Materials provided:
┏━━
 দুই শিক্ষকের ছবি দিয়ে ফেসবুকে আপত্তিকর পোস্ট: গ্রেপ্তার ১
┗━━
┏━━
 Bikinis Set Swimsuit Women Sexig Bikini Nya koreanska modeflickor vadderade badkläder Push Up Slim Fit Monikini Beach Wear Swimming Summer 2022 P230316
┗━━
┏━━
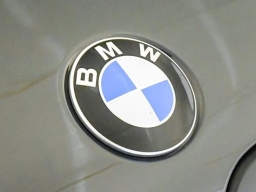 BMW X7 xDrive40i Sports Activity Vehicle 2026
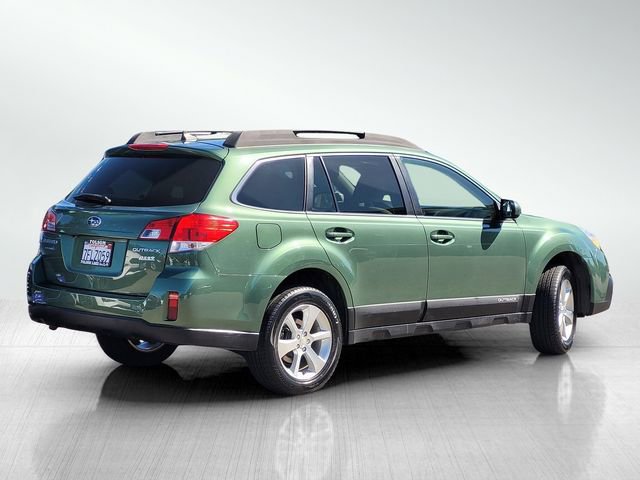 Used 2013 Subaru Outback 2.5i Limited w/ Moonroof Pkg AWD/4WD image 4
┗━━
Your assignment:
Please output, exactly as written, the lines above from the one holding "BMW X7 xDrive40i" through the one holding "Used 2013 Subaru", both included, with the pictures omitted.

Response:
 BMW X7 xDrive40i Sports Activity Vehicle 2026
 Used 2013 Subaru Outback 2.5i Limited w/ Moonroof Pkg AWD/4WD image 4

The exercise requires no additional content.